DATA PROVIDED
+--

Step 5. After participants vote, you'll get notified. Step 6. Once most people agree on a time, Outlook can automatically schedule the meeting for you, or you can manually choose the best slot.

+--

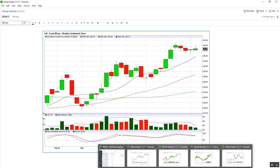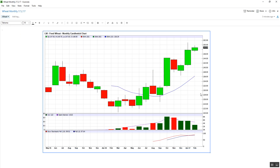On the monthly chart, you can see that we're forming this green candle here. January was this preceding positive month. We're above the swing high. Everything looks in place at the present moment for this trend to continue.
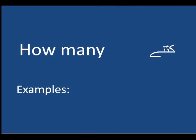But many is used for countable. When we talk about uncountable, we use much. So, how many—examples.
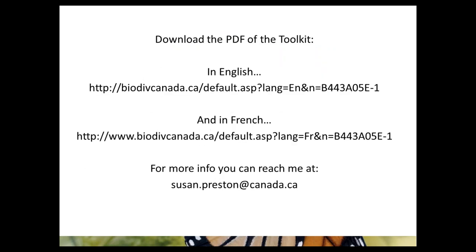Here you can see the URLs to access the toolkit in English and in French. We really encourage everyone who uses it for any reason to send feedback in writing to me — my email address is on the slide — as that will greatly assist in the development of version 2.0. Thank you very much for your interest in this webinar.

+--

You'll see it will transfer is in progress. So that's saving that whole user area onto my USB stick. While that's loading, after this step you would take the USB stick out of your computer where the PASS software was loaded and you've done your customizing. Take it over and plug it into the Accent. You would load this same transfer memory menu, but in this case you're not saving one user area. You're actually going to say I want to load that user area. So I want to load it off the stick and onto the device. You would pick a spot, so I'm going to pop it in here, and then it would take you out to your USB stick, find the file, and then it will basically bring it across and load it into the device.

+--

WHAT THE TASK REQUIRES
Every line above between the one containing "But many is" and the one containing "Here you can", those two included, is to be printed exactly. No pictures go into the copy.

TASK ANSWER
But many is used for countable. When we talk about uncountable, we use much. So, how many—examples.
Here you can see the URLs to access the toolkit in English and in French. We really encourage everyone who uses it for any reason to send feedback in writing to me — my email address is on the slide — as that will greatly assist in the development of version 2.0. Thank you very much for your interest in this webinar.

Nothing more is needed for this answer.